New speed and accuracy records have been set for brain-computer interfaces (BCI) to decode and translate brain activity into speech.
Such technologies are crucial in attempts to restore communication to people with severe paralysis.
Two papers published in Nature detail efforts by teams led by Dr Francis Willett at Stanford University and Dr Edward Chang from the University of California, San Francisco (UCSF) to produce faster and more accurate brain-computer interfaces.
One project involved inserting electrodes into the brain, the other sits the electrodes on top.
Willett and colleagues developed a BCI that collects the neural activity of single cells using fine electrodes inserted into the brain. An artificial neural network was trained to decode those brain signals into the intended vocalisations.
The BCI enabled a participant, Pat – who can no longer speak clearly due to amyotrophic lateral sclerosis (ALS; a rare neurological disease that affects motor neurons) – to communicate at 62 words per minute, 3.4 times faster than the previous record for a similar device. Natural conversation is about 160 words per minute.

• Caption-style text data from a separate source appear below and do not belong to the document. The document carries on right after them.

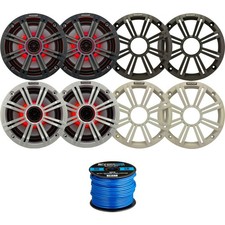 4 x Kicker 6.5" LED Marine Boat Coaxial Speakers, Enrock 16-G 50FT Speaker Wire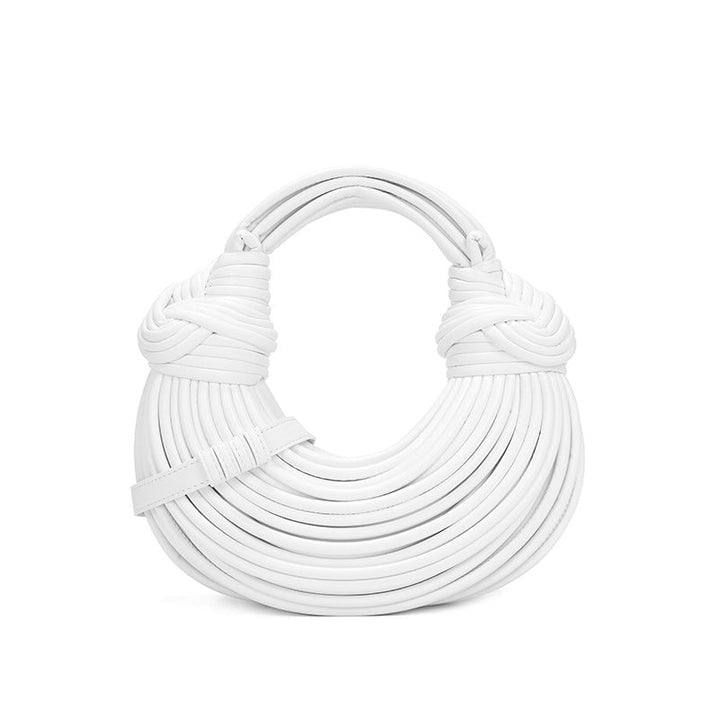 Hand Woven Faux Leather Portable Crescent Women Bag Knotted Noodles Bag Hand Carrying Cloud Underarm Bag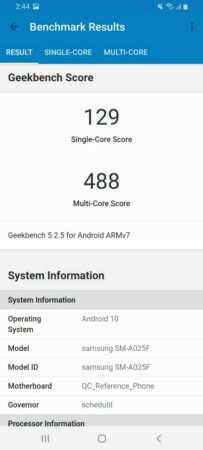 Geekbench 5 Galaxy A02s
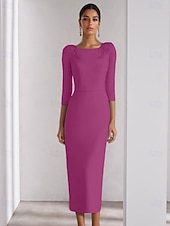 青 シース/コラム カクテルドレス エレガント ドレス フォーマル 結婚式 アンクルレングス 3/4レングススリーブ クルーネック ストレッチ クレープ スリット付き お買い得  カクテルドレス-青 シース/コラム カクテルドレス エレガント ドレス フォーマル 結婚式 アンクルレングス 3/4レングススリーブ クルーネック ストレッチ クレープ スリット付き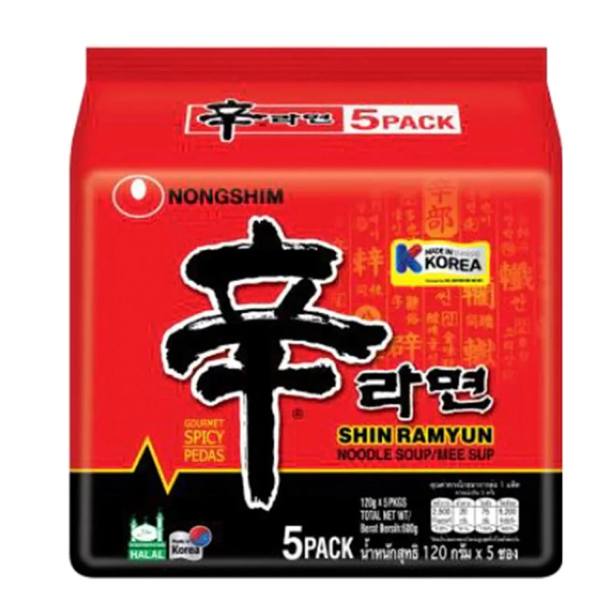 Nongshim Shin Ramyun Instant Noodle 120g x 5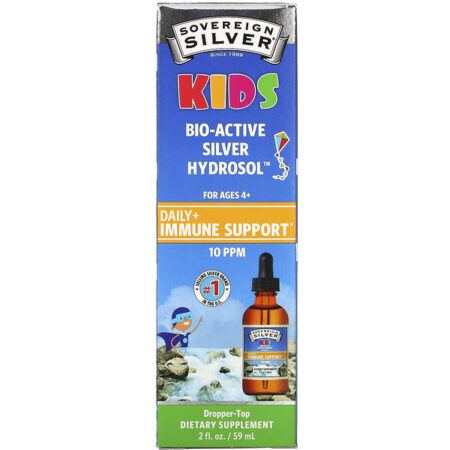 Sovereign Silver, Bio-Active Silver Hydrosol, For Kids, Daily Immune Support, 10PPM, 2 fl oz (59 ml)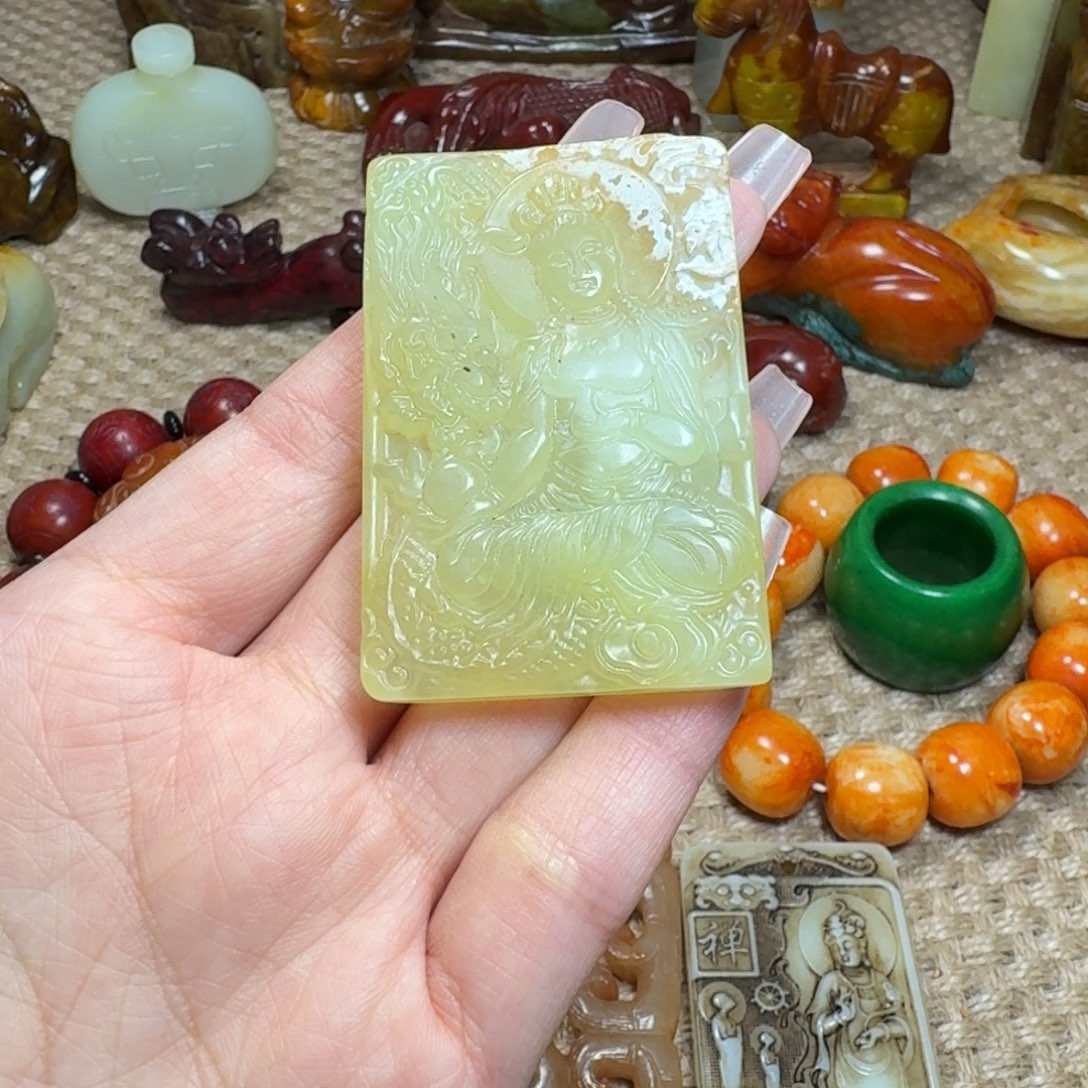 白玉菩提吊坠挂件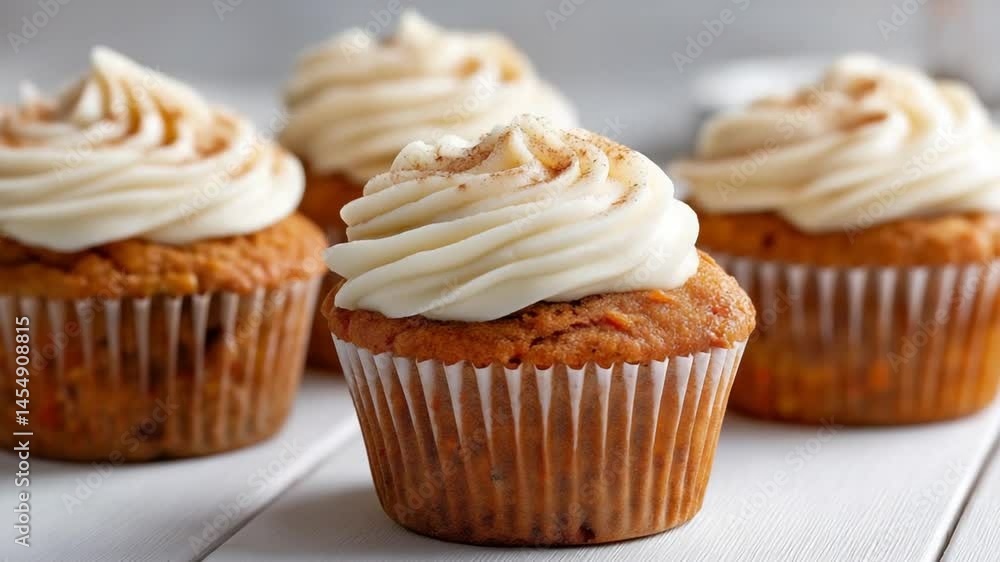 Freshly Baked Carrot Muffins with Creamy Frosting on Rustic Table Freshly Baked Carrot Muffins with Creamy Frosting on Rustic Table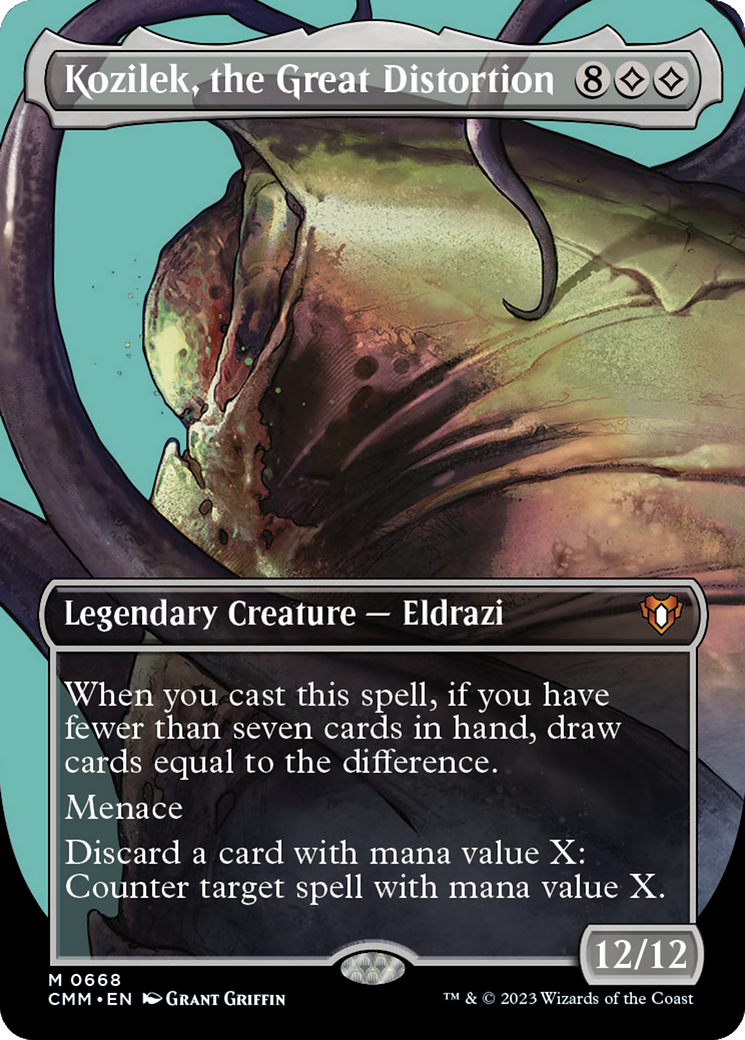 Kozilek, the Great Distortion (Borderless Profile) [Commander Masters]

Willett’s team’s BCI achieved a 9.1% word error rate on a 50-word vocabulary – 2.7 times fewer errors than the previous state-of-the-art speech BCI developed in 2021. A 125,000-word vocabulary saw a 23.8% word error rate.
“People with neurological disorders such as brainstem stroke or ALS frequently face severe speech and motor impairment and, in some cases, complete loss of the ability to speak (locked-in syndrome),” Willett and his co-authors write.
“Our demonstration is a proof of concept that decoding attempted speaking movements with a large vocabulary is possible using neural spiking activity. However, it is important to note that it does not yet constitute a complete, clinically viable system.”
Chang’s team used non-penetrating electrodes that sit on the brain’s surface, detecting activity from many cells across regions covering the entire speech cortex. The BCI decodes these signals into three outputs simultaneously: text, audible speech, and a speaking avatar which also decoded the participant’s brain activity into facial movements. The speech is also personalised to the participant’s pre-injury voice.
The 47-year-old participant of the study is a stroke victim diagnosed with quadriplegia and anarthria.
A deep-learning model trained to decipher the neural data generated brain-to-text speeds of 78 words per minute, which is 4.3 times as fast as the previous record.
The BCI achieved a 4.9% word error rate from a 50-phrase set – 5 times fewer errors than the previous record. Word error was 25% when real-time decoding sentences with a 1,000+ word vocabulary. Offline simulations showed a 28% word error rate using a more than 39,000-word vocabulary.
“Faster, more accurate, and more natural communication are among the most desired needs of people who have lost the ability to speak after severe paralysis,” Chang’s team write.
“A limitation of the present proof-of-concept study is that the results shown are from only one participant. An important next step is to validate these decoding approaches in other individuals with varying degrees and etiologies of paralysis.”